I’m a sucker for vampires. LOL, get my joke? No, but seriously. If it’s got vampires in it, I’ll probably read it, watch it, consume it. Vampires are literally my favorite mythical beings in literature. And there’s been this sad void of vampires for a few years now. There was that period of time when Stephenie Meyer was writing those Twilight novels and there was a surge of vampire-related material, but nothing good has come out lately.
So when Renee Ahdieh wrote a vampire novel, I was all over it.
The Beautiful follows Celine Rousseau, a young seamstress who just made her way to New Orleans from Paris to escape her past and find herself a bright future. She lives in a convent with a few other girls when they meet “The Court of Lions,” an underground group that runs gambling and drinking throughout the city. Its leader, Sebastien Saint Germaine, is a young dude whom everyone calls “The Phantom” because of the mysterious deaths behind his family.

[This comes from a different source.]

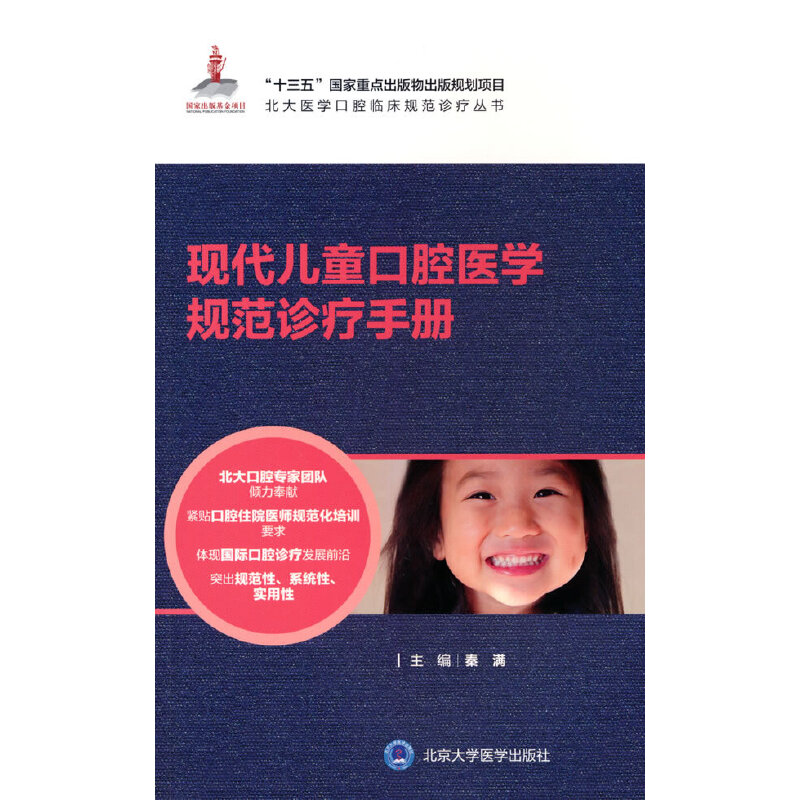 �F(xi��n)����ͯ��ǻ�t(y��)�W(xu��)Ҏ(gu��)���\���փԣ������t(y��)�W(xu��)��ǻ�R��Ҏ(gu��)���\��������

When Celine becomes friends with Sebastien and other members of the group, the first body is found only to be revealed as one of the girls Celine made her way to America with. As more mysterious deaths happen around Celine, the truth reveals to be a much more twisted story.
I marked this one as a 3, but my feelings are more 3.5. I don’t want to give it 4-stars wholeheartedly, but I also know this book wasn’t terrible. It was good with a lot of potential for a great vampire series. Maybe it’s because this was the first book in the series, but it felt a little messy without a sense of direction and the writing style felt too YA for me.
I also agreed with a lot of the reviews my friends wrote. The pacing felt off and the first half of the book didn’t really pull me into the story until the very first body was found. The book didn’t really feel like it was set in the late 19th century either. There were a lot of descriptions on dresses and clothing, but dresses don’t make a historical novel.
Also, there was a lot of switching between languages. I think I clocked maybe four different languages used including Korean, French, Greek, and Spanish. While I’m a fan of diversity in writing and really loved seeing that in the faces of the characters, it was so hard to read dialogue when half of it is in French and all you have is what you learned in high school.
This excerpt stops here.